WHAT TO WORK ON: Using only the entries below, output the lines starting at the one containing "bontott MAZDA 323 Jobb Hátsó Lámpa" and ending at the one containing "Sorel 1964 premium", exactly and inclusive of both, omitting the pictures.

ENTRIES PROVIDED:
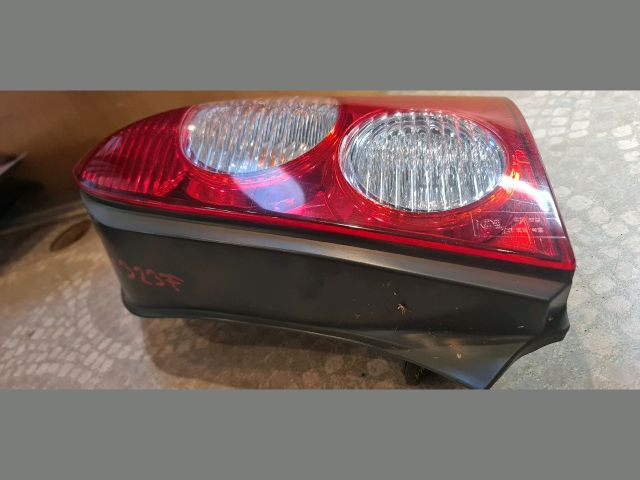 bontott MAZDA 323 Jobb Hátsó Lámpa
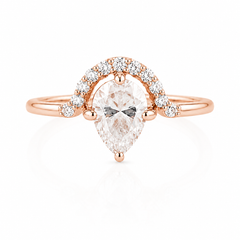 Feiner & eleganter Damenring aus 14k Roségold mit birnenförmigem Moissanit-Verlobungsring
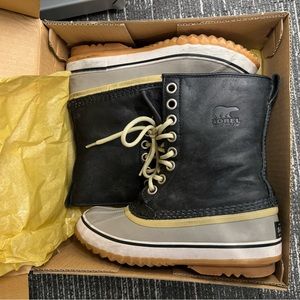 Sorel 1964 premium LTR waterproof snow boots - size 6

...

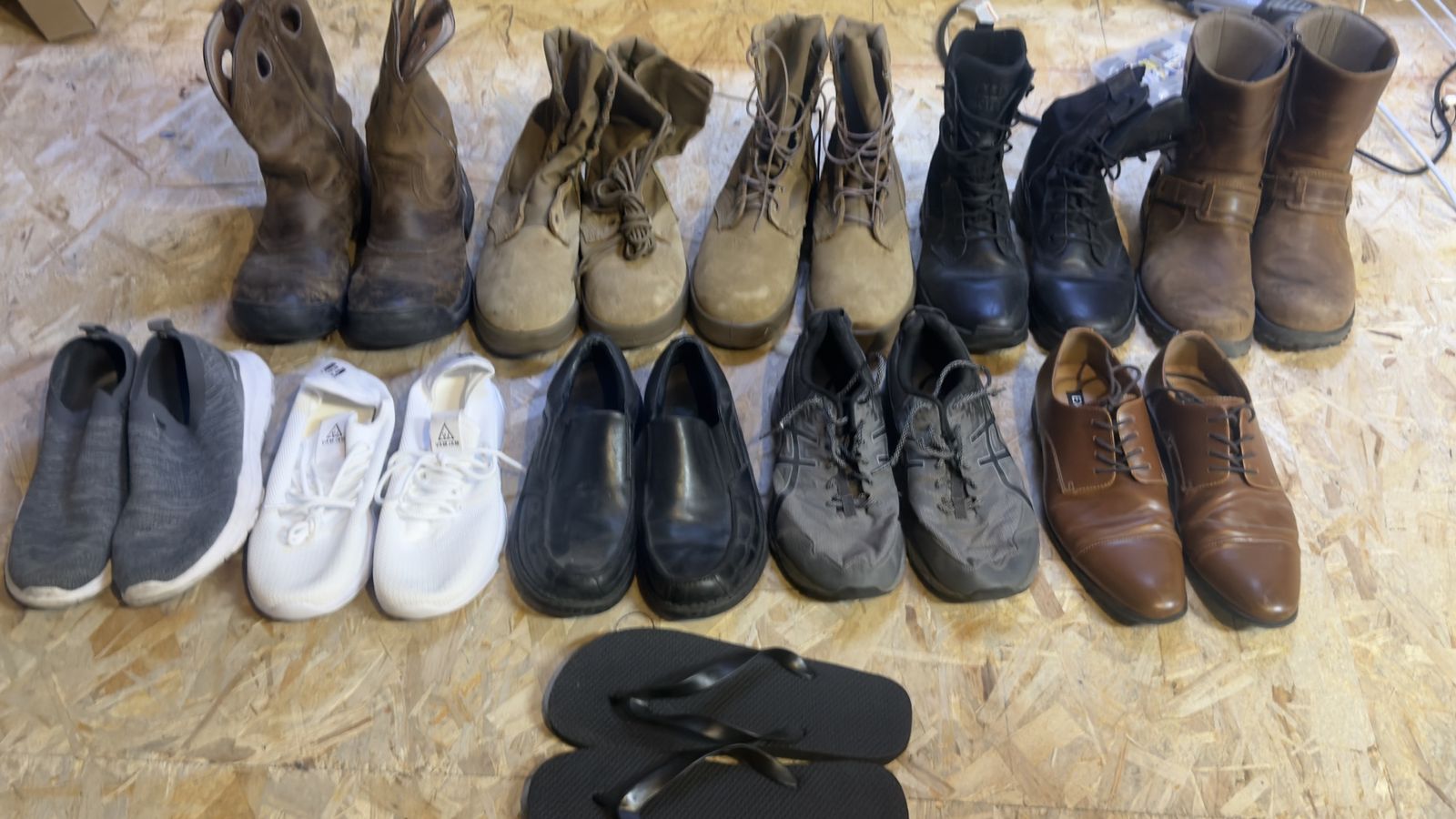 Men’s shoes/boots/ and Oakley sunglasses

SOLUTION FOR THIS PROBLEM:
 bontott MAZDA 323 Jobb Hátsó Lámpa
 Feiner & eleganter Damenring aus 14k Roségold mit birnenförmigem Moissanit-Verlobungsring
 Sorel 1964 premium LTR waterproof snow boots - size 6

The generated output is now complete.